Dans l’épître aux Hébreux, il est écrit : « Jésus Christ, hier et aujourd’hui, est le même, il l’est pour l’éternité » (Heb 13, 8). Sa parole est agissante pour nous aujourd’hui, comme hier, comme elle le sera demain. Telle est notre foi. Et quand nous nous offrons à Dieu, quand nous lui disons comme le prophète Isaïe : « Moi je serai ton messager, envoie-moi », ou encore « fais de moi ton instrument », nous devenons alors des pêcheurs d’hommes, la parole du Christ se réalise alors en nous et il n’y a pas de plus grand bonheur. C’est la joie d’être disciple qui s’accomplit en nous.

Chaque parole bienveillante, chaque encouragement, chaque marque de tendresse et de réconfort; le moindre petit service, le travail quotidien fait consciencieusement, le temps donné gratuitement, l’écoute généreuse et attentive de celui ou de celle qui souffre, ces mille et une manière de signifier ce trop plein d’amour que le Christ a déversé en nos cœurs, c’est cela aussi lancer les filets. La Parole de Dieu ce matin nous invite à la confiance et à l’audace en dépit des vents contraires dans nos vies, des résultats décevants ou même des échecs apparents, car le ressuscité est toujours là sur le rivage de nos vies.
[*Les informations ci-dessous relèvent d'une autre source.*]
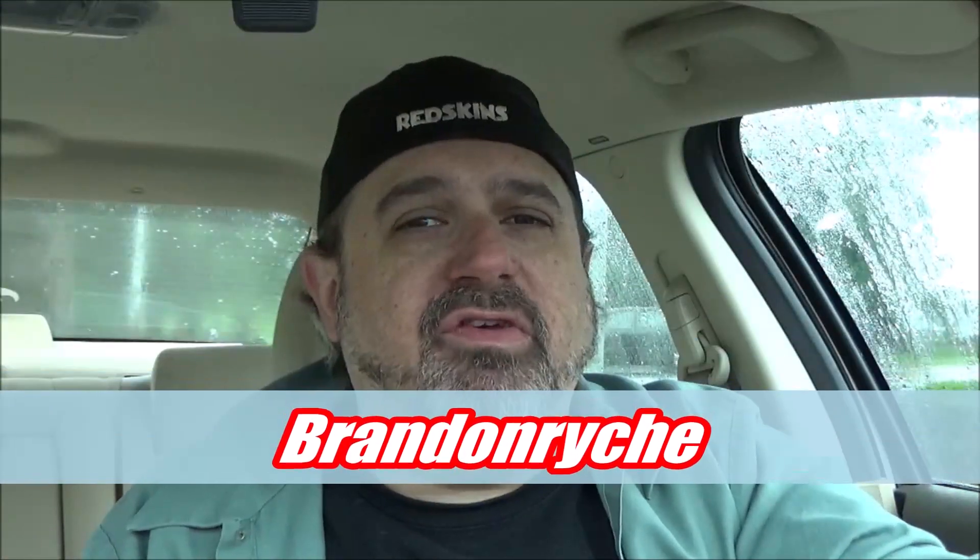What's cracking with your snack and snacker stars? It is me, the BRE, the man in the backwards hat, Brandon from the SAS, the Snack Food Appreciation Society.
C’est la nature même de notre foi au Christ qui nous permet d’affirmer que notre Dieu est le Dieu de l’Impossible et qu’il nous est demandé à nous, de tout simplement faire confiance et de lancer les filets. De croire que notre prière, nos gestes fraternels, notre vie quotidienne, vécues dans la foi, ont ce pouvoir de transformer le monde, de sauver les hommes et les femmes qui l’habitent.

C’est là l’invitation que nous fait Jésus Christ en son Église : Partir de nuit, comme de jour, nos lampes bien allumées, assumant pleinement et avec courage chacune des journées qui nous est donnée, reconnaissant humblement comme saint Paul, que ce que nous sommes en tant que croyants, nous le sommes par la grâce de Dieu, confiants qu’en nous remettant entre ses mains, nous pourrons nous aussi dire comme Paul : « la grâce dont il m’a comblé n’a pas été stérile ».

À nous maintenant, après une semaine en mer depuis notre dernier rassemblement dominicale, de tirer nos filets vers le rivage de cette eucharistie où le Christ nous attend. Amen.